Besides the benefits from no more smoking already noted, there is ending fights and arguements between smokers and non-smokers, especially at the dividing point, no more cigarette burns, ashes or butts on seat cushions and carpets, one less issue as to reservations and seating, no longer having to clean seat ashtrays, no smoke exposures to other pax who may have respiratory issues and to children, eliminate the need to have lighters or matches in the cabin that could be used in a terror act and so on.
smi0006 From Australia, joined Jan 2008, 1554 posts, RR: 0
Reply 21, posted (4 years 10 months 1 week 6 hours ago) and read 32868 times:
Who says it has ended for crew though?
I routinely do the ground handling for a major Chinese airline and often go down to the aircraft to deliver the Load-sheet, only to be greeted by a cock-pit filled with smoke and a hand stretching through the clouds of smoke to take the paperwork hahahh.

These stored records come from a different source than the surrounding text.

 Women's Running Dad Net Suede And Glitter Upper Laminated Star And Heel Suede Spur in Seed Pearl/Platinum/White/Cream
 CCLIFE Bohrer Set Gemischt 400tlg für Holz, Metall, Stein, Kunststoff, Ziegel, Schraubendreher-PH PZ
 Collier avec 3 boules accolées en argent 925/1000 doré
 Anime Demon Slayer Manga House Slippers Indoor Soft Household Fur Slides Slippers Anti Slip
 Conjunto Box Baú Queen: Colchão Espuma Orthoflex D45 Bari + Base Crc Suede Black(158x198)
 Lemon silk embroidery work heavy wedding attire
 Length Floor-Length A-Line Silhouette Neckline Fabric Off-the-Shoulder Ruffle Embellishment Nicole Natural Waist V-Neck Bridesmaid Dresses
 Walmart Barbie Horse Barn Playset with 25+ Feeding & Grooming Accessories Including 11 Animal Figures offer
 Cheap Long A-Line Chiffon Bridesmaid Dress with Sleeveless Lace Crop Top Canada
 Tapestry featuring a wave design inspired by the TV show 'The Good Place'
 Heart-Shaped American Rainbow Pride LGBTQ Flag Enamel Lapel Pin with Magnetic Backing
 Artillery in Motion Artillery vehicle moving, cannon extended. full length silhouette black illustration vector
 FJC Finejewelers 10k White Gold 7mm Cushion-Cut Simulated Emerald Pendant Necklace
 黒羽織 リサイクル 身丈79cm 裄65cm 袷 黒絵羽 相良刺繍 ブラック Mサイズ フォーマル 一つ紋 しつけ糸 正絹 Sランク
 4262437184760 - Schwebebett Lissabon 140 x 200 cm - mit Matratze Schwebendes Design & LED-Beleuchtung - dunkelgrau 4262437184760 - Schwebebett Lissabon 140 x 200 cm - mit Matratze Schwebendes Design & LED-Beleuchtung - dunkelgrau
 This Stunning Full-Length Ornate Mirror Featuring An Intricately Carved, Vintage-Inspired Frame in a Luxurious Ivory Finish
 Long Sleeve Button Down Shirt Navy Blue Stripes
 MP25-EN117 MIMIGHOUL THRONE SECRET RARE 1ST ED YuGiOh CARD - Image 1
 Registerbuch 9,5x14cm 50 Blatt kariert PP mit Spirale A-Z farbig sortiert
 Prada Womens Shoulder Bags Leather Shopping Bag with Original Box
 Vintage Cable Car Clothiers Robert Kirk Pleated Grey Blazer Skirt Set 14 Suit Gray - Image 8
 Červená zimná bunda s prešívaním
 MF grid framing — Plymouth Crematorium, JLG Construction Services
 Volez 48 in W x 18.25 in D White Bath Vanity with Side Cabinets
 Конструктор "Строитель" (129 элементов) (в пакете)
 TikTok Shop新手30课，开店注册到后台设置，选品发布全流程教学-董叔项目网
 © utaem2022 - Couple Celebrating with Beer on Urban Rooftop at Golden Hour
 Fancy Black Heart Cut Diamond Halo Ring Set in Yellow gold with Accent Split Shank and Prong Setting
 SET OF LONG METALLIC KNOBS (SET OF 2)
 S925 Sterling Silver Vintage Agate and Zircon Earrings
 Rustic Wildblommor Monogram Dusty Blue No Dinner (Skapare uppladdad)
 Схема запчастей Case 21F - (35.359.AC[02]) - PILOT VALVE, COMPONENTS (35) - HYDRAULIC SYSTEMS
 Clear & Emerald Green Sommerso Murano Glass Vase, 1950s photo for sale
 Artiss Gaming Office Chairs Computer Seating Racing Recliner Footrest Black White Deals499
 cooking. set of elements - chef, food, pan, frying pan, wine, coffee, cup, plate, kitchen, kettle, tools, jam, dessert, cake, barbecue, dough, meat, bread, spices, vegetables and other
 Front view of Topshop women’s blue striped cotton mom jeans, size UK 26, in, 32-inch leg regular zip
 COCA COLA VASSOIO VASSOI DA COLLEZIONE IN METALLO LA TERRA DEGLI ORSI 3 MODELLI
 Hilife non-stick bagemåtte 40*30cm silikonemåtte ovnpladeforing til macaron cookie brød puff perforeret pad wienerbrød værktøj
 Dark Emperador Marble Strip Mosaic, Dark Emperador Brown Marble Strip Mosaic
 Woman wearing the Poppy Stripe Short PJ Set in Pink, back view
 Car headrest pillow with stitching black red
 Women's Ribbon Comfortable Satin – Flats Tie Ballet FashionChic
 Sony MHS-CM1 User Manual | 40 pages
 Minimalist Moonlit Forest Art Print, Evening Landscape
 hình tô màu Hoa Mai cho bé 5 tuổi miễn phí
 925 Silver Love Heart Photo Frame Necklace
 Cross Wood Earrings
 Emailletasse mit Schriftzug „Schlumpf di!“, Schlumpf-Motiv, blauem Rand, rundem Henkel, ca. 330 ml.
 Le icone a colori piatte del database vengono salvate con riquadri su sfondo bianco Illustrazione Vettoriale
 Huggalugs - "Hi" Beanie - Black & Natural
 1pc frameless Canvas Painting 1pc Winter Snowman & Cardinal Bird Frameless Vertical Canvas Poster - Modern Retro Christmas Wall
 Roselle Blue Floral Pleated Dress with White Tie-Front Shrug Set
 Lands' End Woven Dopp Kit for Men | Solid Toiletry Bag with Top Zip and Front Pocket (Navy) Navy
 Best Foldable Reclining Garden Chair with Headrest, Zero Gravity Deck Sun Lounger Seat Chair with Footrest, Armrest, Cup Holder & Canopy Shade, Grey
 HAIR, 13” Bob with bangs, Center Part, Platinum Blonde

PacNWjet From United States of America, joined Sep 2000, 980 posts, RR: 0
Reply 22, posted (4 years 10 months 1 week 6 hours ago) and read 32792 times:
Quoting CF6PPE (Reply 15): I was never amused with the smokers who wouldn't sit in the smoking section, but moved to the smoking section to burn a weed.
I was on a flight from Madrid to Athens on Olympic in the summer of 1994. The smoking section was virtually empty when the plane took off, but when the seat belt sign was turned off dozens of passengers immediately got up and moved to the smoking section to light up. They all returned to the non-smoking section when the meal was served, then returned to the back of the plane for a post-meal smoke. Pretty humorous.
PWM2TXLHopper From United States of America, joined Jan 2004, 1360 posts, RR: 1
Reply 23, posted (4 years 10 months 1 week 3 hours ago) and read 32670 times:
The only flight I've ever flown on with smoking permitted was an Air Berlin flight, in 2003, flying between TXL-PMI. It was a brand new 737-800. Smoking on German flights was outlawed the following year.
As a smoker, I was pleasantly surprised that I could smoke. I liked it, but understand how it must have been hell for non-smokers! Personally, I wish you still could on flights over six hours.